Under the many conflicts between George W. Bush and most of his opponents in the Democratic and Republican parties lies an area of agreement seldom challenged in the mainstream political or media world (or, when challenged, given remarkably little attention). On the deepest points, major politicians and the most influential parts of the media are actually in remarkable accord. In fact, you could say that, in the world of our media gatekeepers, there’s just another version of the sort of accord that existed before the invasion of Iraq.
That country, it is said, is crucial to “American interests” — “vital national security interests in Iraq” was the way, for instance, Hillary Clinton put the matter recently. There is also agreement (as there was about such things in the Vietnam era) that if we were to leave Iraq totally or “precipitously,” American credibility would take a terrible hit, that the terrorists would be “celebrating.” It is similarly agreed that, while all sorts of partial withdrawals from Iraq might sooner or later be possible, actually withdrawing from the country is hard to imagine, even if staying seems hardly less so. This is why, as in the recently passed House legislation, withdrawal of all American forces has been replaced by the withdrawal of all, or most, American “combat troops” (or “combat brigades”), a technical term that actually accounts for less than half of American forces in Iraq.
The two categories are now so conveniently blurred that it would be pardonable if few Americans grasped the difference any more than did Charles Gibson, anchor of ABC’s World News Tonight. On last Friday’s news, he claimed the House had voted to get “all U.S. forces” out when his own White House correspondent used the correct phrase, “combat forces.”
Americans lived through endless similar non-withdrawal (or partial withdrawal) “withdrawal” plans back in the Vietnam years. Now, it seems, we must do so again. At that time, a crucial argument against full-scale withdrawal was the “bloodbath” sure to follow. It was common knowledge in Washington then that any American withdrawal would result in an unimaginable version of the bloodbath already long underway in that country. That it didn’t, of course, hasn’t stopped the Vietnam playbook from being pulled out again. Now, we have the “Iraqi bloodbath” to contend with.
It’s not just that those “vital national security interests” would be endangered by a withdrawal from Iraq. On one predominant “fact,” just about everyone who matters in Washington agrees. We cannot leave Iraq because only we protect the Iraqis from themselves; only we have any hope of “stabilizing” the country. Even the Pentagon has finally acknowledged that a brutal civil war is underway in areas of Iraq; nonetheless, if we were to up and depart, it is agreed, a near genocidal-level bloodletting would certainly be in the cards.

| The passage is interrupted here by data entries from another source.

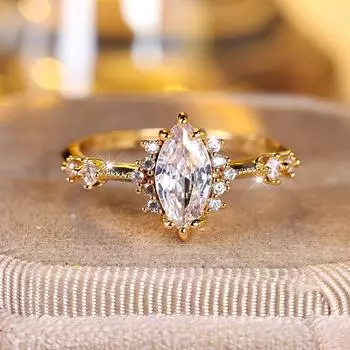 Кольца из циркония огранки «маркиз» для женщин, желтое золото, ювелирные изделия, обручальное кольцо, подарки 5 белый/золотой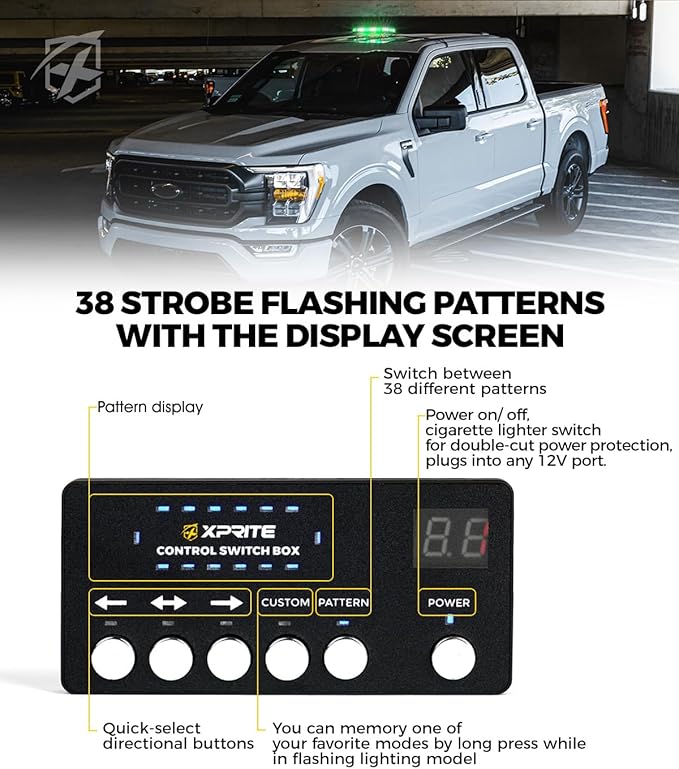 Xprite 42-LED Rooftop White Green Light Bar W/magnetic, Traffic Light Compatible with Emergency Response Trucks, Tractors, Security and Patrol, Construction Vehicles, Snowplow, Postal Cars
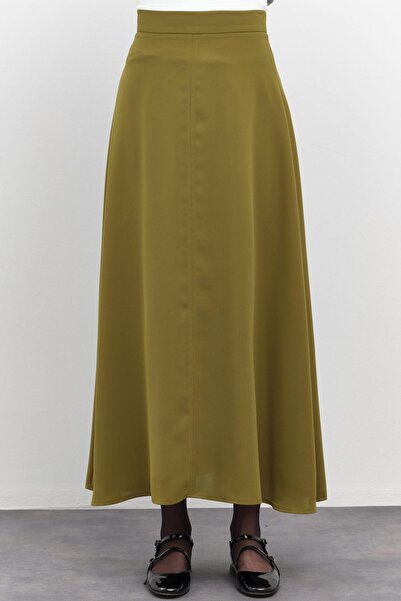 Tuğba Gaze Dikiş Detaylı Godeli Etek - Olive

We are, in other words, the only force standing between the Iraqis and the “gates of hell.” Yes, we may have loosed all this on them in the first place; yes, our tactics in the field may only clear the way for greater bloodshed; yet our “presence” remains their sole remaining hope. This is considered a reality of our world, a clear, if understandable, limit on American policy-making, whether Republican or Democratic.
That this common Washingtonian wisdom is but a prediction about a future yet to be made is seldom noted; that it is being offered by people who often, however unconsciously, have a stake in its coming true is not commented upon either; that, for many of them, such a bloodbath might justify much that has gone wrong, conveniently highlighting the “depravity” of the Iraqis we tried to help, isn’t a subject for discussion; that most of these seers have had uncommonly poor records when it comes to predicting any developments in Iraq over the last four-plus years is seldom brought up either.

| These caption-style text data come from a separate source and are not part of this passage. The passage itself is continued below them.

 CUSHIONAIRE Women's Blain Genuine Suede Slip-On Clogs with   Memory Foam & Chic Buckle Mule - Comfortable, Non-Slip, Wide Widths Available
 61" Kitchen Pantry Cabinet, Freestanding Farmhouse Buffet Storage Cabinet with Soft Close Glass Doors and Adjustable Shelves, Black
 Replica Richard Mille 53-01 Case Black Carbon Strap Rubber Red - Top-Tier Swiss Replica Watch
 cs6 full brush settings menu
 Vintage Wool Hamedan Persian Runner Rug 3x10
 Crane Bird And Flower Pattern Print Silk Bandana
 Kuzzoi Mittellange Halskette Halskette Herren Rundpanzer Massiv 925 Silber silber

There is also, of course, something grimly self-fulfilling about this particular prophesy. If a single conclusion can be drawn about the U.S. presence in Iraq, it’s this: The longer we have been there, the worse it’s gotten. We’ve now reached the point where, with Americans “protecting” Iraqis from themselves, nearly one in five of them have nonetheless either fled their country, been forced into internal exile, or died in the mayhem. If you were projecting into the future, it would be far more logical to assume that, with us present, this situation would only worsen. (Of course, by now, both predictions might prove accurate.)
Even the President’s surge plan, a version of the old Vietnam-era “oil spot strategy,” is but an attempt to extend the control of the American military and the dependent, largely Shiite Iraqi government from the citadel-microstate of the fortified Green Zone inside the Iraqi capital to most of Baghdad. It is aimed at turning our “Iraq,” at best, into a full-scale city-state, while driving much of the internecine killing to the outskirts of the capital or surrounding provinces. How such a plan could possibly “stabilize” the situation there in any long-term way remains beyond serious explanation.

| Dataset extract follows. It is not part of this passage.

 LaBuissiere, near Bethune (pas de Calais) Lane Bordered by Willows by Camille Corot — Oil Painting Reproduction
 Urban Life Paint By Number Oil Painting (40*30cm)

But perhaps this sort of deep agreement on the “realities” of our world should not surprise us. After all, we’re talking about a literal “conspiracy” here — in the original Latin sense of the word: to con-spire once essentially meant to breathe the same air. Indeed, our politicians and top media figures do breathe the same air and, in a way that wasn’t true decades ago, cohabit in the same rarified class atmosphere.
Not surprisingly, then, they often agree on the basics, holding in common, above all else, an essentially imperial mindset. In this way, they are genuine representatives of what was — before a ragtag minority insurgency fought the U.S. military to a stand-still — hailed as the planet’s “last superpower,” its only “hyperpower,” its “global sheriff,” the ultimate inheritor of Western civilization, not to speak of the mantles of the Roman and British empires, and so on. This imperial mindset can, at its most kindly, be expressed in this way: In any situation where American “interests” are at stake, the United States can only be imagined as part of the solution, not part of the problem. In the present Iraqi situation, such thinking also represents an imaginative failure, your essential deck-of-the-Titanic strain of thinking.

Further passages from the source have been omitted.